Duffus Castle, the medieval stronghold of the Moray family was just about two miles from my home at the Moray Coast Hopeman. It is known as one of Scotland´s finest motte and bailey castles.
Mottes were common in Scotland the 1100s and 1200s, before they were replaced by stone castles. They were fortifications, usually consisting of a wooden keep on top of an artificial earthwork mound. Some also had an enclosed courtyard or bailey, containing additional wooden buildings, protected by a ditch and palisade. (Historic Enviroment Scotland)
The castle we see today was built in the 1300s, replacing an earlier timber fortress and felt to ruin after it was abandoned in 1705. Duffus Castle is situated on the Laich of Moray, which became a very fertile area after Spynie Loch and the surrounding marshland had been drained.
The motte is a huge man-made mound, with steep sides and a wide ditch separating it from the bailey.
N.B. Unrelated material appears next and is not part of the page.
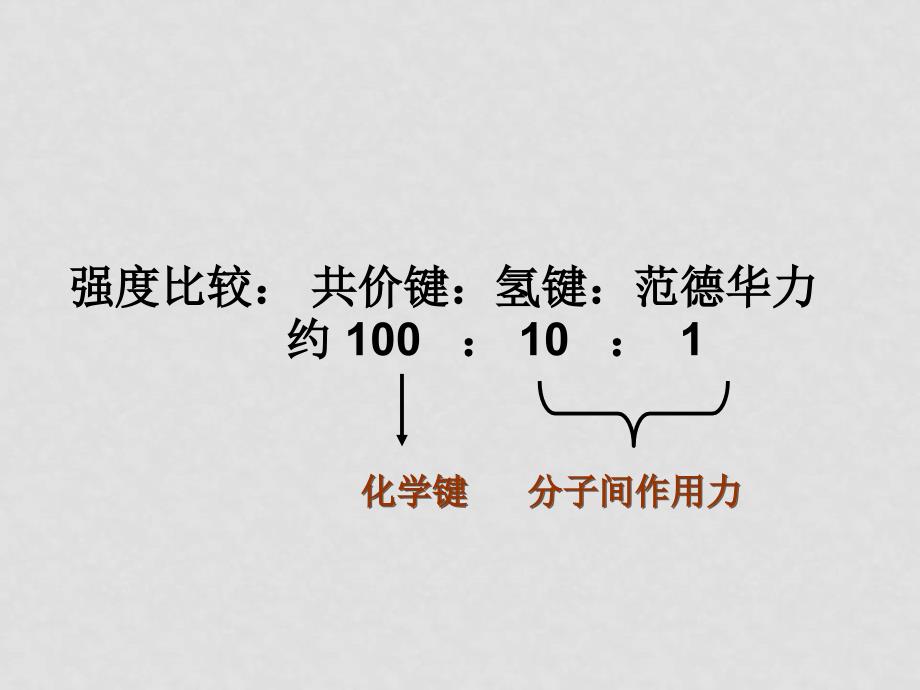 高中化学物质结构与性质专题3、4全套课件选修三分子间作用力_第3页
The whole site is enclosed by a water-filled ditch, which is more a mark of its boundary than it is a serious defensive measure. (Historic Enviroment Scotland)
Duffus Castle had been built by Freskin, a Flemish man who was sent there by King David I in 1130 to represent the crown. He built an earthwork-and-timber castle on the Duffus estate. His son William took the title of ‘de Moravia’, the meaning “of Moray”. By 1200 the Moray family had become the noblest and influential family in northern Scotland.
Around 1270 the castle passed Sir Reginald Cheyne the Elder, Lord of Inverugie, who probably built the square stone keep on top of the motte and the walls around the courtyard. By 1350 the castle belonged to a younger son of the Earl of Sutherland through marriage, by then the stone square probably had started to slip down the mound and a new residence was built in the north of the courtyard.
At the end of the 17th century, Lord Duffus moved to Duffus House and Duffus Castle fell into decay.